* [Aim of the exercise]
Each of the entries below is to be written out exactly, and the images skipped.

▼

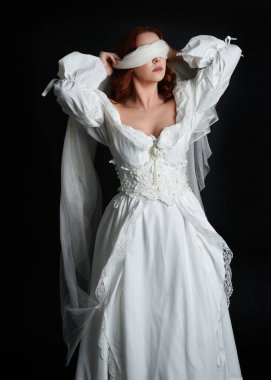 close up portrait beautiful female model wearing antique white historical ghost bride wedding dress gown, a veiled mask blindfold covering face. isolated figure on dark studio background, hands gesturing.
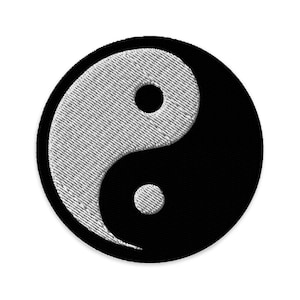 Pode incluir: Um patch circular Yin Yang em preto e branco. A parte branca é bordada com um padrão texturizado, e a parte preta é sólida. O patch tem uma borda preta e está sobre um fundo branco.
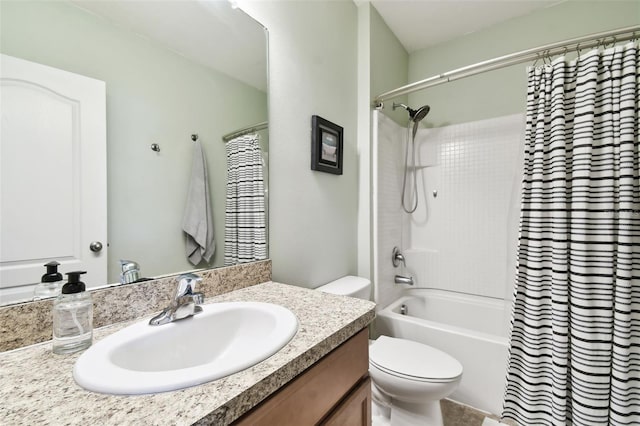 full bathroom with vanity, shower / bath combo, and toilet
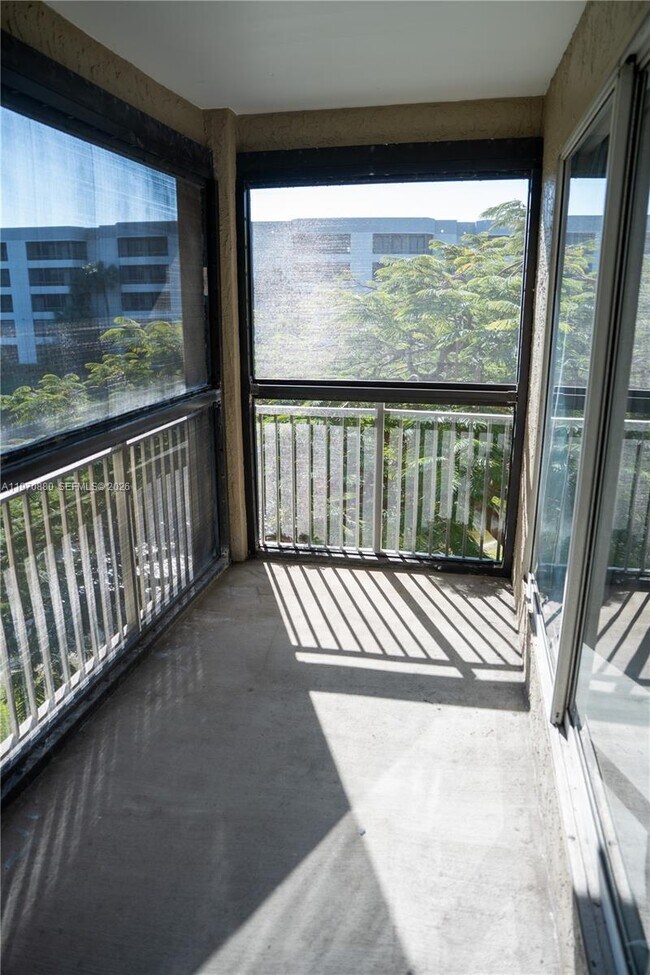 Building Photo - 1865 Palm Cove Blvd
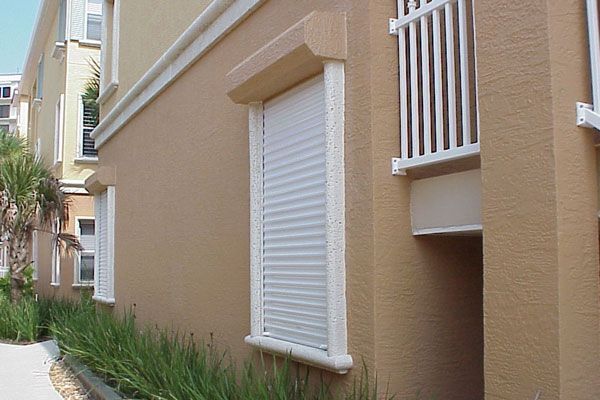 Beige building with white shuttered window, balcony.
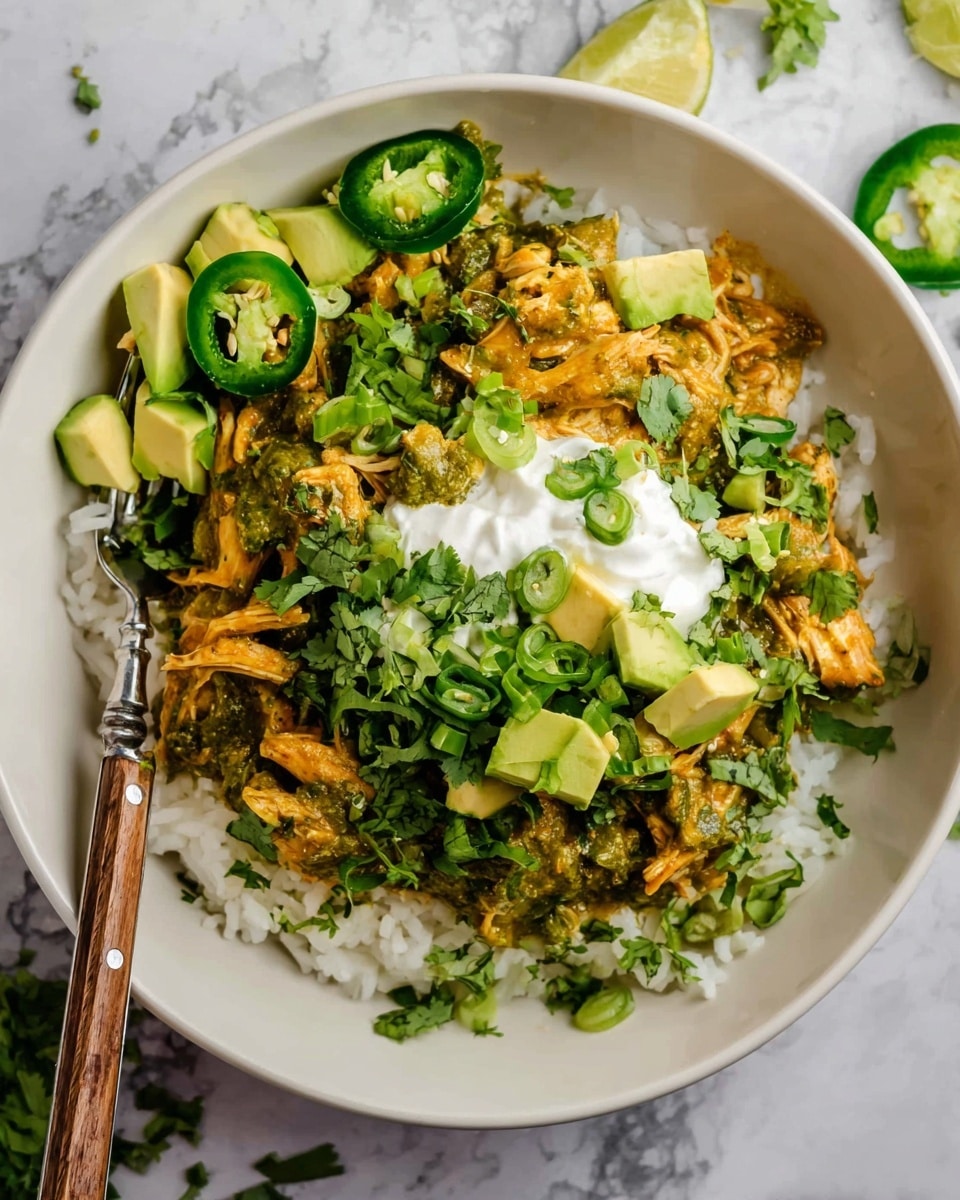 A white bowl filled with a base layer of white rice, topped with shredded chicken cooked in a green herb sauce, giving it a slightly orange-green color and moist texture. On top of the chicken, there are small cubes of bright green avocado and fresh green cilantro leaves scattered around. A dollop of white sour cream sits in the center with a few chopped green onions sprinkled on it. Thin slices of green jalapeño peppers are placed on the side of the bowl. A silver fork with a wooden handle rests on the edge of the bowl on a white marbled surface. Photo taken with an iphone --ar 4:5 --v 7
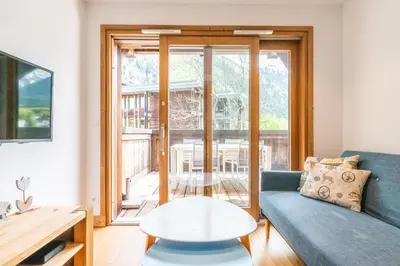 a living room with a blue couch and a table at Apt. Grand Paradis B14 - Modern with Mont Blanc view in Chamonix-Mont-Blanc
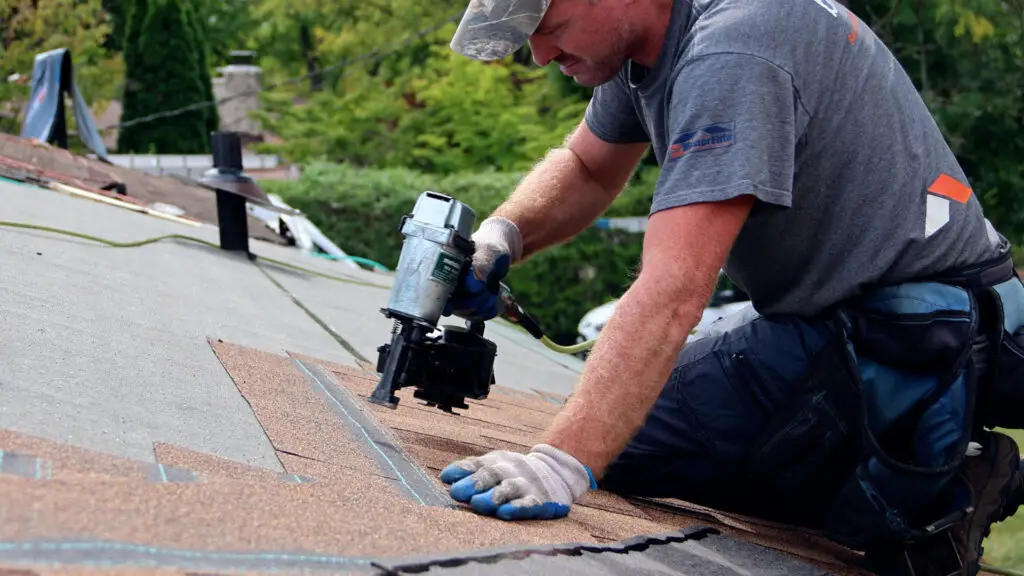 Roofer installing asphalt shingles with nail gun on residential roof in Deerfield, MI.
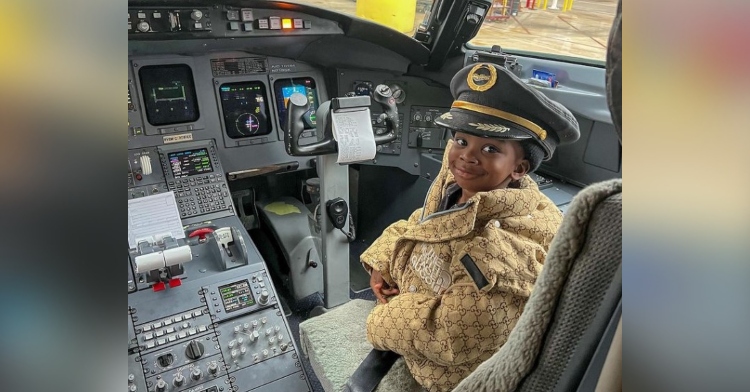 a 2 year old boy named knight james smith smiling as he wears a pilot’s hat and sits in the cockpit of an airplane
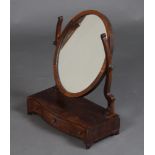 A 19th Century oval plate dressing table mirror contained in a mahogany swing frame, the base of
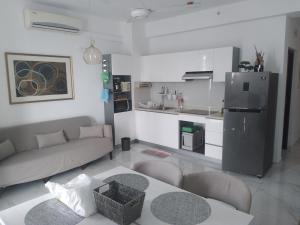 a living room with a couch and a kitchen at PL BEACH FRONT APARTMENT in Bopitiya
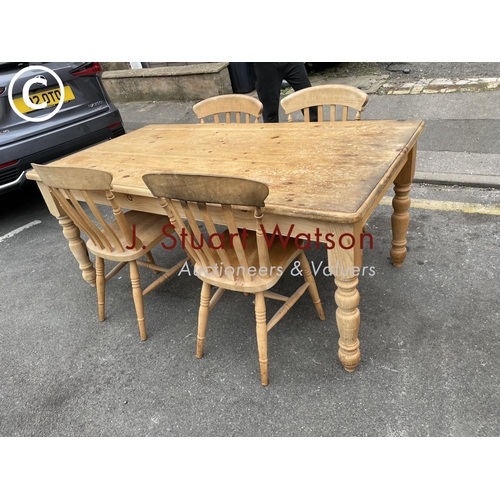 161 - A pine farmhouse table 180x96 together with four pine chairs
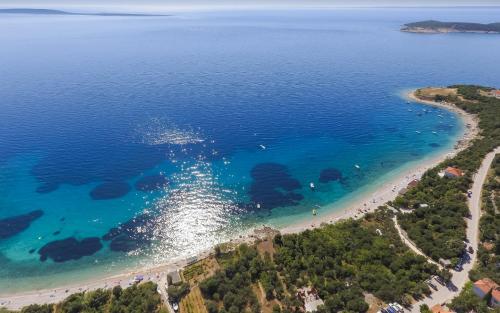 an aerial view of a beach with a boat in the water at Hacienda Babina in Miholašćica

▲

* [Task response]
 close up portrait beautiful female model wearing antique white historical ghost bride wedding dress gown, a veiled mask blindfold covering face. isolated figure on dark studio background, hands gesturing.
 Pode incluir: Um patch circular Yin Yang em preto e branco. A parte branca é bordada com um padrão texturizado, e a parte preta é sólida. O patch tem uma borda preta e está sobre um fundo branco.
 full bathroom with vanity, shower / bath combo, and toilet
 Building Photo - 1865 Palm Cove Blvd
 Beige building with white shuttered window, balcony.
 A white bowl filled with a base layer of white rice, topped with shredded chicken cooked in a green herb sauce, giving it a slightly orange-green color and moist texture. On top of the chicken, there are small cubes of bright green avocado and fresh green cilantro leaves scattered around. A dollop of white sour cream sits in the center with a few chopped green onions sprinkled on it. Thin slices of green jalapeño peppers are placed on the side of the bowl. A silver fork with a wooden handle rests on the edge of the bowl on a white marbled surface. Photo taken with an iphone --ar 4:5 --v 7
 a living room with a blue couch and a table at Apt. Grand Paradis B14 - Modern with Mont Blanc view in Chamonix-Mont-Blanc
 Roofer installing asphalt shingles with nail gun on residential roof in Deerfield, MI.
 a 2 year old boy named knight james smith smiling as he wears a pilot’s hat and sits in the cockpit of an airplane
 A 19th Century oval plate dressing table mirror contained in a mahogany swing frame, the base of
 a living room with a couch and a kitchen at PL BEACH FRONT APARTMENT in Bopitiya
 161 - A pine farmhouse table 180x96 together with four pine chairs
 an aerial view of a beach with a boat in the water at Hacienda Babina in Miholašćica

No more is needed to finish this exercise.